---- DATASET EXTRACT

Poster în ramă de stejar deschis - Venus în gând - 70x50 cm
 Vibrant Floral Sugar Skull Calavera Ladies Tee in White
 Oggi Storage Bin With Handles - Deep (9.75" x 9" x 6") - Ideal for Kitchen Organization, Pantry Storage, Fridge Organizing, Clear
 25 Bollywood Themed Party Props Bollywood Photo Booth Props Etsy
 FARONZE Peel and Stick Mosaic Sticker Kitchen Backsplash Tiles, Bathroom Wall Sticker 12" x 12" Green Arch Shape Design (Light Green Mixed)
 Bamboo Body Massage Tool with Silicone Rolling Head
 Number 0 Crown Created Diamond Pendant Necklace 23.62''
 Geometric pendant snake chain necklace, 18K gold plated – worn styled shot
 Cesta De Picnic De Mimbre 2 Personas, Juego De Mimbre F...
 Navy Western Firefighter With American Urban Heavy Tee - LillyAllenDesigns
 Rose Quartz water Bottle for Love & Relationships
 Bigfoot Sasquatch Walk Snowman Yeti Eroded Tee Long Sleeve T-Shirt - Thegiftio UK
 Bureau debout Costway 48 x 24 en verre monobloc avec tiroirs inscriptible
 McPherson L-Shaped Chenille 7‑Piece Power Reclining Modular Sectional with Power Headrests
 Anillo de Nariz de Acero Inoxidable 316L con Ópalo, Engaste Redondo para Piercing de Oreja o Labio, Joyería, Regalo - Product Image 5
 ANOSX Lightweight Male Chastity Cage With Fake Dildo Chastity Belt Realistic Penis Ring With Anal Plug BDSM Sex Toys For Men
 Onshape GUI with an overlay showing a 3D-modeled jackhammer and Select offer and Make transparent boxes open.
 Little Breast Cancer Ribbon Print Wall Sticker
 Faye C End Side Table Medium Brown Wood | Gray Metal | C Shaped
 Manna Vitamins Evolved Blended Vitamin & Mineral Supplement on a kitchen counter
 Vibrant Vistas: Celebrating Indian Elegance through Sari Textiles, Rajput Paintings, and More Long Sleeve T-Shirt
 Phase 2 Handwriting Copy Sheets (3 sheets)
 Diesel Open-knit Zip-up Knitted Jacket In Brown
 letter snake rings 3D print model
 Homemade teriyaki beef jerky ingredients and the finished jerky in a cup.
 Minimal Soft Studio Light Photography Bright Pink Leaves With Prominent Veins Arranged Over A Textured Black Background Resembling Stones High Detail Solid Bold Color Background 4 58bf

--------

▸ **TASK TO COMPLETE**
Repeat, word for word, the lines above between the line holding "Number 0 Crown" and the line holding "Cesta De Picnic", inclusive; omit everything else.

▸ **SOLUTION**
 Number 0 Crown Created Diamond Pendant Necklace 23.62''
 Geometric pendant snake chain necklace, 18K gold plated – worn styled shot
 Cesta De Picnic De Mimbre 2 Personas, Juego De Mimbre F...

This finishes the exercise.